Trinil rawa tempat berbiaknya di Rusia dan Siberia, bermigrasi pada musim dingin ke Afrika, Asia tenggara, Indonesia, dan Australia. Melewati Asia pada awal April sampai awal Mei. Sementara cekakak suci sebagai penetap di Australia, dan menjadi pengunjung tetap Papua dan Indonesia ketika musim dingin di selatan berlangsung.

Pengamatan burung juga dilakukan di pinggir Danau Limboto, Desa Lupoyo. Peserta sebanyak 20 orang tersebut mengamati burung-burung air. “Yang terpantau hanyalah gagang bayam dan kicuit kerbau. Burung lain jenis residen atau penetap yang terpantau adalah kuntul kecil, blelok sawah, cangak merah, mandar besar, serta tikusan alis putih,” ungkap Rosyid Azhar, anggota Biodiversitas Gorontalo (Biota).

 

Telur maleo yang tengah diperlihatkan. Dulu, kawasan pasir pantai di Cagar Alam Panua, adalah tempatnya maleo berkembangbiak. Foto: Christopel Paino

 

Habitat penting

Jumat, 12 Mei 2017, tim pengamat burung Biodiversitas Gorontalo, berhasil mengidentifikasi 19 jenis burung di Cagar Alam Panua dan 16 spesies di Paseda, Kabupaten Pohuwato saat melakukan pengamatan. Tim terdiri BKSDA, Burung Indonesia, dan Masyarakat Mitra Polhut (MMP).

Pantiati Cokrosuwiryo, kepada Mongabay Indonesia merinci, spesies yang ditemukan tersebut diantaranya adalah Megapodius cumingii (gosong filipina), Gallus gallus (ayam hutan merah), Ardea purpurea (cangak merah), dan Haliastur indus (elang bondol).

Sementara di Paseda, hutan mangrove yang mulai dikonversi menjadi tambak, tercatat jenis Anas giberifons (itik benjut), Ardea purpurea (cangak merah), Bubulcus ibis (kuntul kerbau), Butorides striata (kokokan laut), juga Streptopelia chinensis (tekukur).

 

https://youtu.be/gYROdkTGrb0?t=5

 

Tatang Abdullah, Kepala Resort Cagar Alam Panua menyatakan, Cagar Alam Panua merupakan kawasan konservasi bagi satwa, khususnya burung. Menurutnya, misi utama Cagar Alam Panua adalah penyelamatan maleo senkawor. “Upaya konservasi yang sudah berjalan adalah berkolaborasi dengan Burung Indonesia, Biodiversitas Gorontalo, dan pemerhati lingkungan lainnya dalam hal WMBD 2017.”

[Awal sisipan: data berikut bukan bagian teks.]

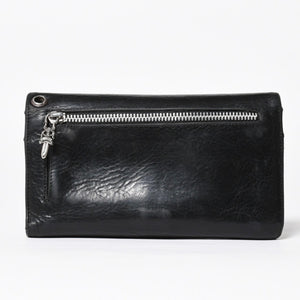 CHROME HEARTS クロムハーツ WAVE CROSS BTN ウェーブ クロスボールボタン レザーウォレット 長財布 ダガー ブラック 美品 中古 4a009609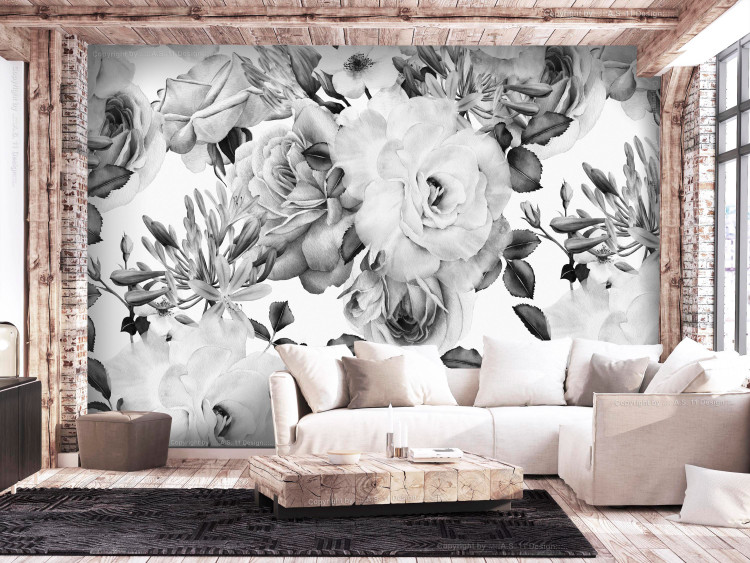 Wall Mural Sentimental Garden (Black and White) 118063 additionalImage 2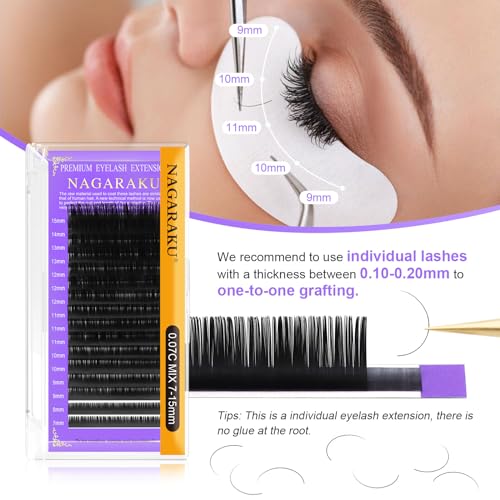 NAGARAKU 5 Trays Eyelash Extensions 0.03mm D curl 7-15mm Mix Tray Individual Lashes Classic Matte Black Faux Mink 16 Rows Professional Beauty Salon Supplies - Purple Card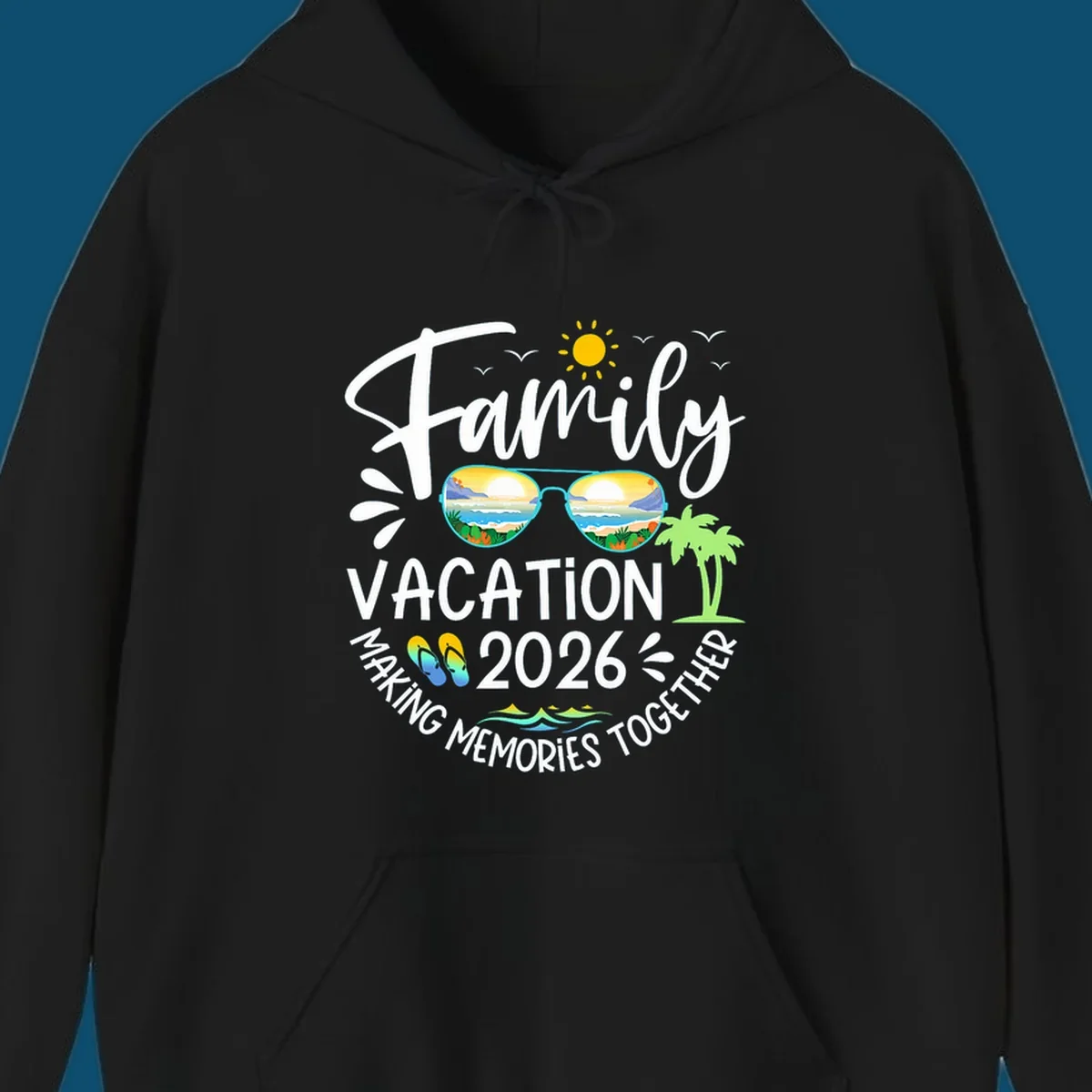A white text design for Family Vacation 2026 Making Memories Together, featuring sunglasses reflecting a beach, sun, birds, palm tree, and flip-flops.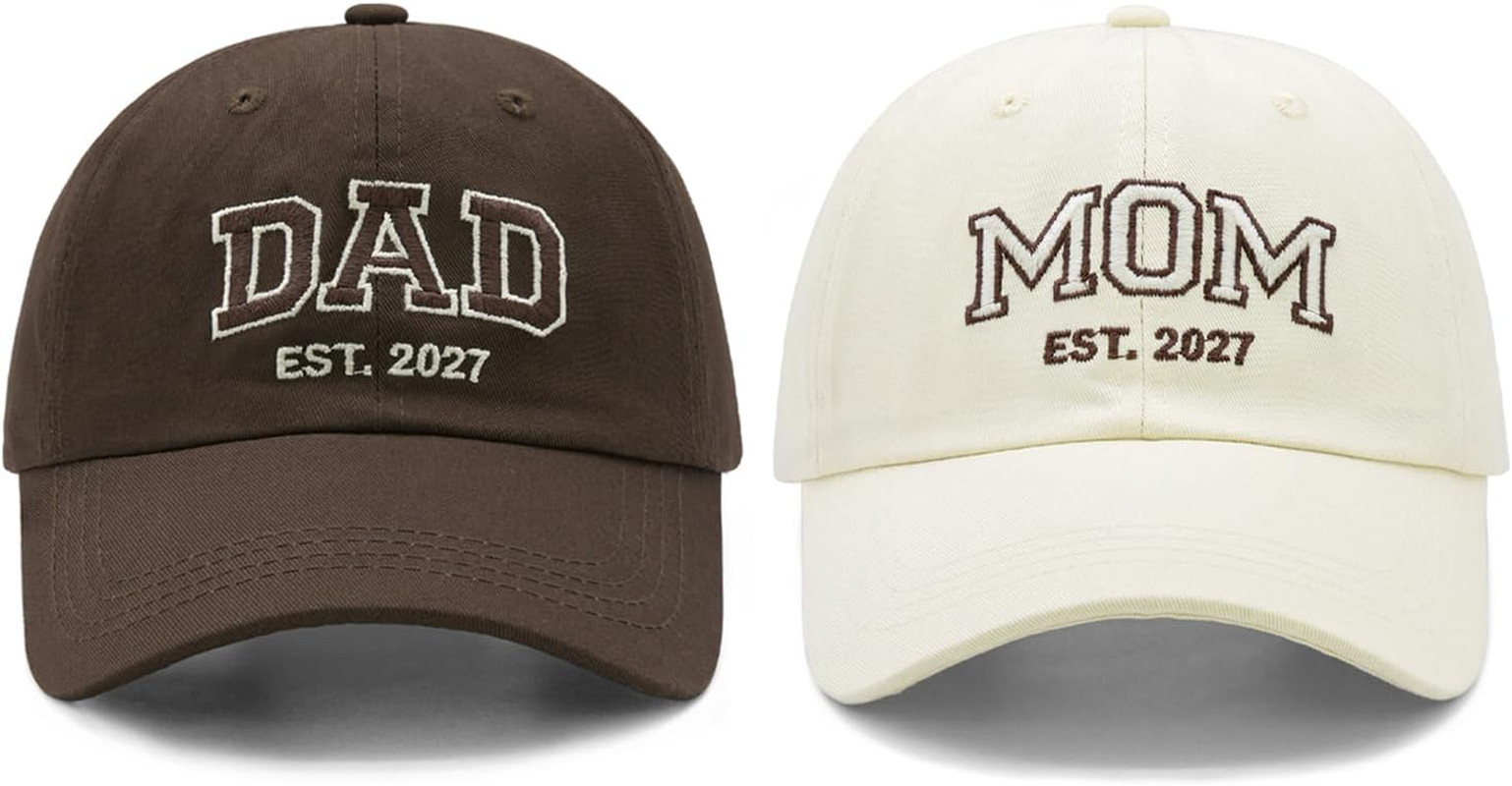 Mom and Dad Est 2027 Hats, New Parents Gifts, Matching Adjustable Embroidered Ba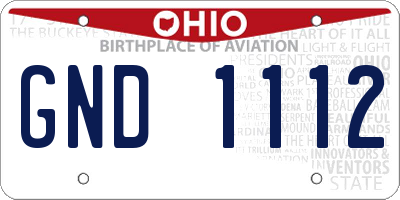 OH license plate GND1112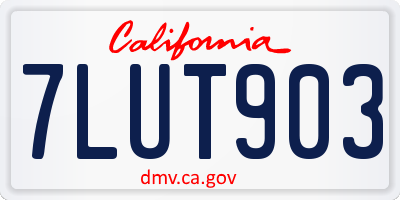 CA license plate 7LUT903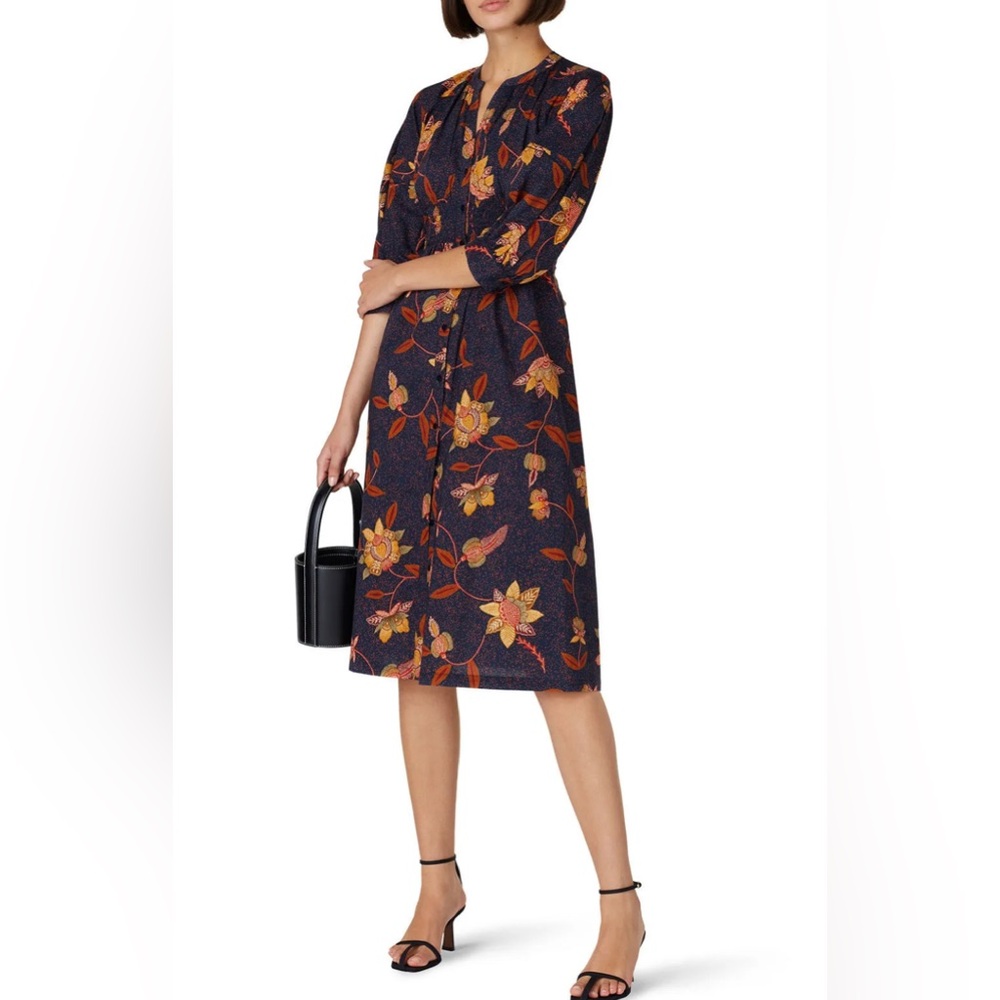 Anthropologie Ba&sh Qyana Floral Print Midi Dress Size Medium 2009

Tatang menjelaskan, Kabupaten Pohuwato yang memiliki hutan mangrove dan habitat air payau memiliki potensi sebagai tempat persinggahan burung migran. Hanya saja diperlukan pengamatan lebih intensif pada masa-masa migrasi untuk memetakan perseberannya.

Sebelumnya, pada 2016, perayaan Hari Burung Migran Sedunia juga digelar di Gorontalo. Bahkan, pada tahun yang sama, tim Biodiversitas Gorontalo, berhasil memenangkan kompetisi video internasional dalam rangka peringatan World Migratory Bird Day. Tim dari Gorontalo yang mewakili Indonesia, berhasil mengalahkan video burung migran dari negera Irlandia yang berada di tempat kedua, serta video kontes dari Kanada di posisi ketiga.